Compiler vs. Assembler -- Which is harder?
Compiler vs. Assembler -- Which is harder?
I don't know because I don't write compilers and assemblers, but:
Which do you think is harder to write? An assembler or compiler?
Which do you think is harder to write? An assembler or compiler?
You are a computer.
~ MCS ~
~ MCS ~
Re: Compiler vs. Assembler -- Which is harder?
Basically, to write an assembler, you need to know what machine instruction stand for what assembly instuction. This too depend upon the machine architecture. For instance, to implement something specific to x86, you've to peek through the Intel's manual and figure how instructions are encoded. Moreover, you've to arrange things in order, the way it was supposed to be. This seems tedious.casnix wrote:I don't know because I don't write compilers and assemblers, but:
Which do you think is harder to write? An assembler or compiler?
On the other hand, if you've ever used gcc -S option, you'd have noticed how compiler arranges things to make programmers life easy.
Conclusion: I'd give 50 points to both. But the fact that compilers don't exist without assemblers give me a strong feeling that writing compiler is somehow troublesome (because it involves writing assembler as well).
Cheers.
Edit: I recalled one of the assembly book which wrote this,
" It took several decades for computer scientists to figure out how to even write a compiler!".
Last edited by Chandra on Sun Mar 27, 2011 10:21 am, edited 1 time in total.
Programming is not about using a language to solve a problem, it's about using logic to find a solution !
- NickJohnson
- Member
- Posts: 1249
- Joined: Tue Mar 24, 2009 8:11 pm
- Location: Sunnyvale, California
Re: Compiler vs. Assembler -- Which is harder?
A compiler is definitely harder to write than an assembler. An assembler, in essence, is just a table that maps short strings (instruction mnemonics) to numbers (opcodes); the hardest part of writing an assembler is just creating that table efficiently. A compiler, on the other hand, needs a much more complex parser (depending on the language), and needs to manage stack positions and register usage in arbitrary circumstances. The fact that assembly preceded (widespread) high level languages by many years is due to this.
Re: Compiler vs. Assembler -- Which is harder?
I agree with Nick's explaination of the two, but I have something to add to the compiler part. A good compiler uses advanced techniques to optimize code and eliminate redundancies. http://en.wikipedia.org/wiki/Compiler#C ... nstruction read the "Front End" and "Back End" sections.
Re: Compiler vs. Assembler -- Which is harder?
Hi,
However the good part of being born recently is that most part of compiler writing is formalized to a great degree that it really is not as hard as it used to be . If you can follow the algorithm, you can more or less make it. I agree with Nick, writing an assembler is way easier than writing a compiler.
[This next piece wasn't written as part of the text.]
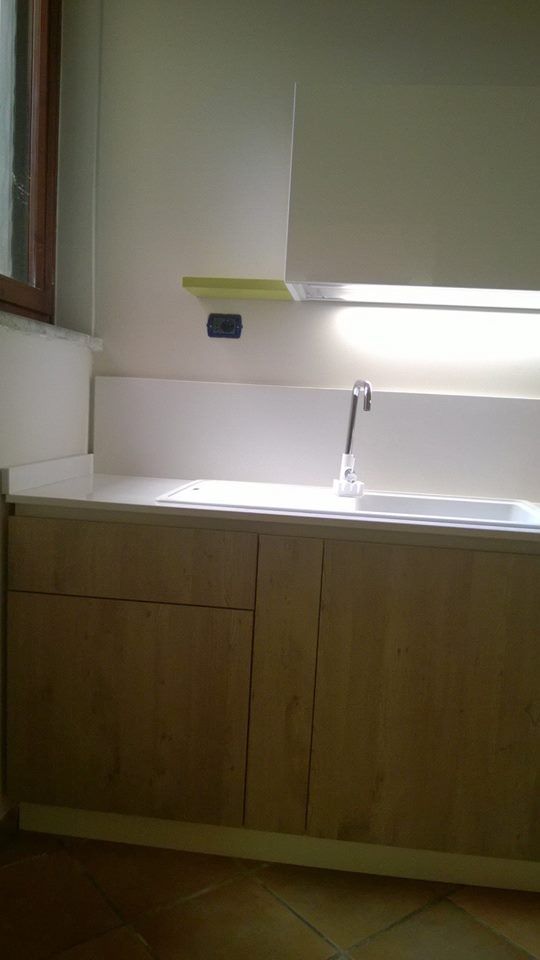 cucina con cassetti magnetici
Remember that an assembler is only little more than a simple look up table in some cases.
--Thomas
However the good part of being born recently is that most part of compiler writing is formalized to a great degree that it really is not as hard as it used to be . If you can follow the algorithm, you can more or less make it. I agree with Nick, writing an assembler is way easier than writing a compiler. Remember that an assembler is only little more than a simple look up table in some cases.
--Thomas
Re: Compiler vs. Assembler -- Which is harder?
I disagree. I think it depends on the language. Writing for example a LOGO compiler is much-much easier than writing an x86 assembler, and it's much easier than writing an fully featured C++ compiler. I don't think we can say one is harder than the other without defining the language and the architecture.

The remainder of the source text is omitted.